John Gouverneur Mosher, who wrote extensively on Japanese culture, died on September 27, 2012 at his home in Arlington, Virginia. He was 77. The cause was cardiac arrest.
Mr. Mosher graduated cum laude from South Kent School. He entered Princeton University and enrolled in the Naval Reserve Officers Training Corps. Upon graduation from Princeton, he went on active duty at the U.S. Naval Communications Station at Kamiseya in Japan where he developed a love of Japanese language, history and culture. He became proficient in Japanese and married Nadeshiko Yamaguchi. His most important work was Kyoto, A Contemplative Guide which remained in print continuously from 1964 to 1999. He was motivated by his disappointment in the books available at that time on Kyoto. It told the story of Kyoto's history through studying a succession of temples and palaces. One reader called the book "the best guide to anything, anywhere." Other works included Japan Caught Passing, Japanische Postamter in China und der Mandschurei mit Kwantung 1876-1922 (in German) and Japanese Post Offices in China and Manchuria. Mr. Mosher became a recognized expert on Japanese postage stamps and over the years wrote 22 articles on this subject for a German Philatelic magazine – all in German.
Mr. Mosher lived for nearly 20 years near Salzburg, Austria where he taught skiing and sang in the Salzburg Opera.
On his return to the United States in 1983, he joined USIA where he directed overseas cultural and policy programs. He and one staffer, Saul Gefter, arranged for one Afghan per province to be taught print, video and voice media skills. The International Herald Tribune reported in 1989 nine "dirty tricks" by the Americans which forced the Soviets to leave Afghanistan. One of the "dirty tricks" was his project which the Soviets called a "Dirty American propaganda campaign against the peaceful intentions of the Soviet Union . . ."
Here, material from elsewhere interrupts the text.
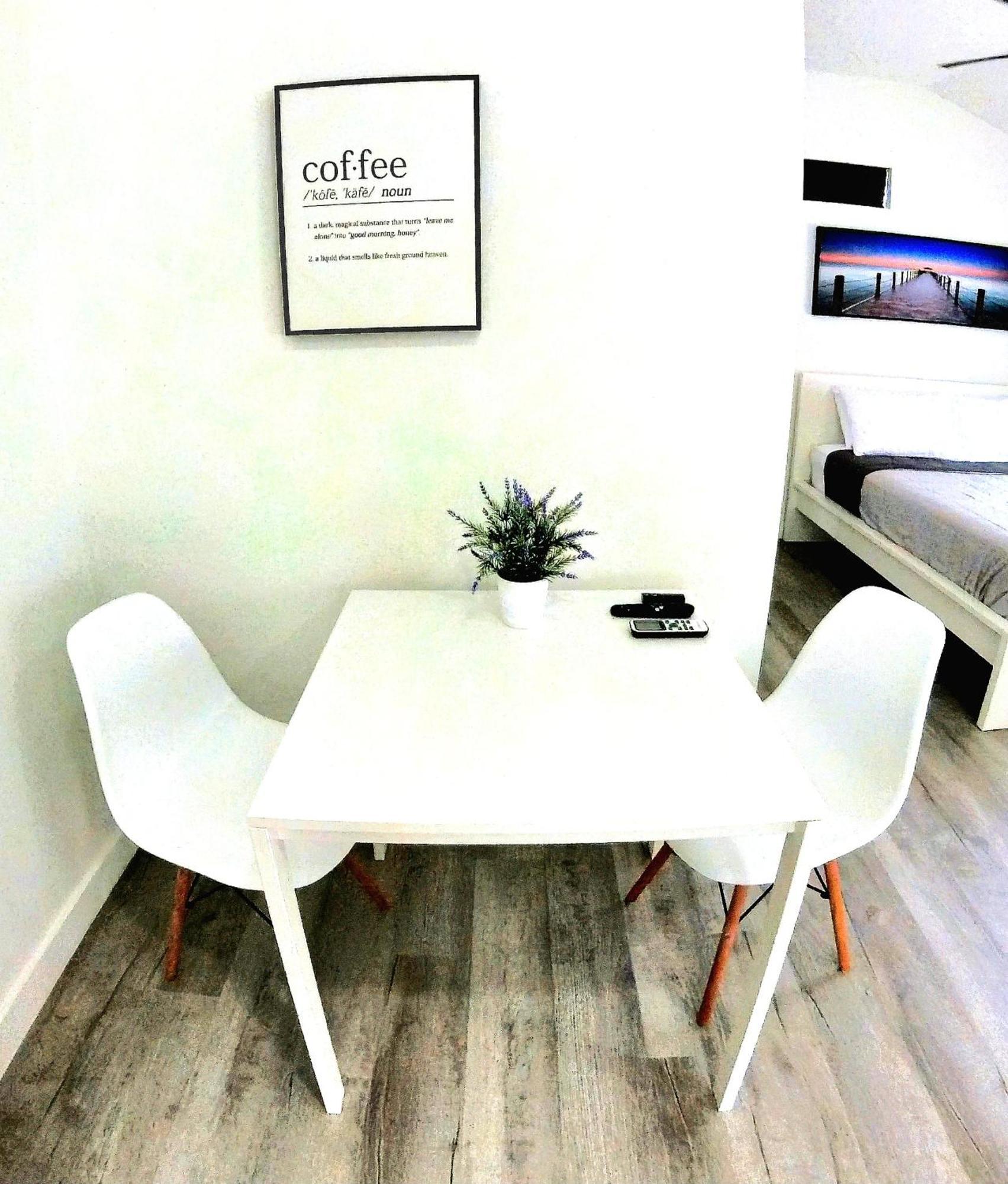 All Modern Studio With Private Entry & Parking. Brandon Exteriör bild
While at USIA, Mr. Mosher also served as United States member, U.S. Olympic Committee. In 1988 he became International Director, Special Olympics International. He negotiated official recognition by National Olympic Committees on site in many countries such as Brazil, USSR, Germany, The Gambia, Cote d'Ivoire, Austria and Latvia. Traveling to many parts of the world with Sargent Shriver, he helped expand the Special Olympics program from 57 to 119 countries.
He retired in 1992.
Mr. Mosher continued to write extensively in retirement. He authored Unavoidable Germans: Art vs. Politics, and the Consequences which described how a man such as Hitler could become the dictator of a country known for its philosophers, artists and musicians. He also contributed editorial columns under the banner, desde Washington, for the newspaper El Informador in in Guadalajara, Mexico. A selection of these columns was later published in his book, 2000 desde Washington.
Mr. Mosher was a founding board member of Post-Classical Ensemble. He worked closely with Music Director Angel Gil-Ordonez and Artistic Director Joseph Horowitz to make the ensemble a highly successful pioneering experimental musical laboratory in the Washington, DC cultural arena.
Mr. Mosher's first marriage ended in divorce. He is survived by Diane Lewis, his wife of 27 years.